August 20, 2024
Source: Clin Cancer Re. 2024 Aug 20. doi: 10.1158/1078-0432.CCR-24-1594. Online ahead of print.
Authors: Tereza Lanickova, Michal Hensler, Lenka Kasikova, Sarka Vosahlikova, Artemis Angelidou, Josef Pasulka, Hannah Griebler, Jana Drozenova, Katerina Mojzisova, Ann Vankerckhoven, Jan Laco, Aleš Ryška, Pavel Dundr, Roman Kocian, David Cibula, Tomas Brtnicky, Petr Skapa, Francis Jacob, Marek Kovar, Ivan Praznovec, Iain A McNeish, Michael J Halaska, Lukas Rob, An Coosemans, Sandra Orsulic, Lorenzo Galluzzi, Radek Spisek, Jitka Fucikova
Purpose: Patients with high-grade serous ovarian carcinoma (HGSOC) are virtually insensitive to immune checkpoint inhibitors (ICIs) employed as standalone therapeutics, at least in part reflecting microenvironmental immunosuppression. Thus, conventional chemotherapeutics and targeted anticancer agents that not only mediate cytotoxic effects but also promote the recruitment of immune effector cells to the HGSOC microenvironment stand out as promising combinatorial partners for ICIs in this oncological indication.
Experimental design: We harnessed a variety of transcriptomic, spatial and functional assays to characterize the differential impact of neo-adjuvant paclitaxel-carboplatin on the immunological configuration of paired primary and metastatic HGSOC biopsies as compared to NACT-naïve HGSOC samples from 5 independent patient cohorts.
Results: We found neo-adjuvant chemotherapy (NACT)-driven endoplasmic reticulum stress and calreticulin exposure in metastatic HGSOC lesions culminates with the establishment of a dense immune infiltrate including follicular T cells (TFH cells), a prerequisite for mature tertiary lymphoid structure (TLS) formation. In this context, TLS maturation was associated with an increased intratumoral density of ICI-sensitive TCF1+PD-1+ CD8+ T cells over their ICI-insensitive TIM-3+PD-1+ counterparts. Consistent with this notion, chemotherapy coupled with a PD-1-targeting ICI provided a significant survival benefit over either therapeutic approach in syngeneic models of HGSOC bearing high (but not low) tumor mutational burden.

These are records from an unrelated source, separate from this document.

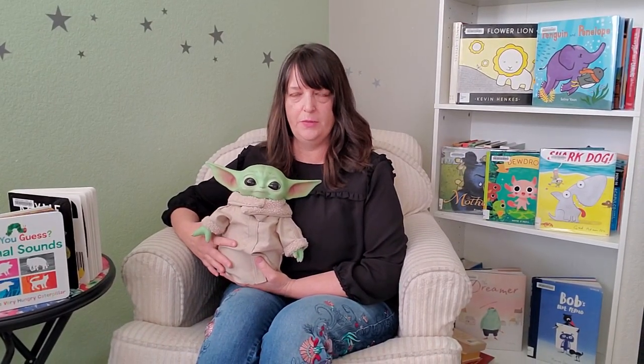Hey there, I'm Melissa from the Washoe County Library System and welcome to Break with Baby.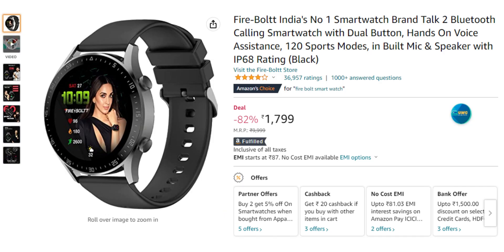Next is the Firebolt Talk 2. It has a metal body and plastic material options. If you like the look of these smartwatches, it has a good smartwatch appearance.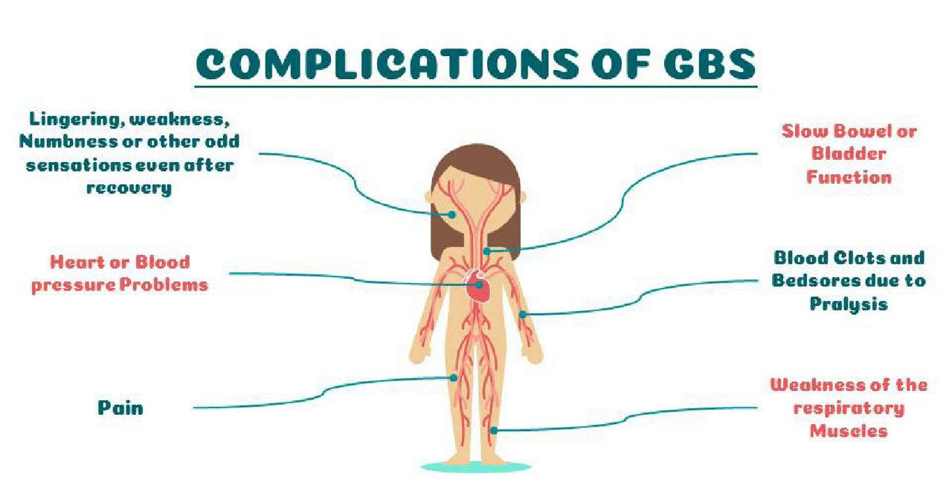Some individuals still report ongoing improvement after 2 years. About 30% of those with Guillain-Barré syndrome have residual weakness after 3 years. About 3% may suffer a relapse of muscle weakness and tingling sensations many years after the initial attack.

Conclusion: Altogether, our findings suggest that NACT promotes TLS formation and maturation in HGSOC lesions, de facto preserving an intratumoral ICI-sensitive T-cell phenotype. These observations emphasize the role of rational design, especially relative to the administration schedule, for clinical trials testing chemotherapy plus ICIs in patients with HGSOC.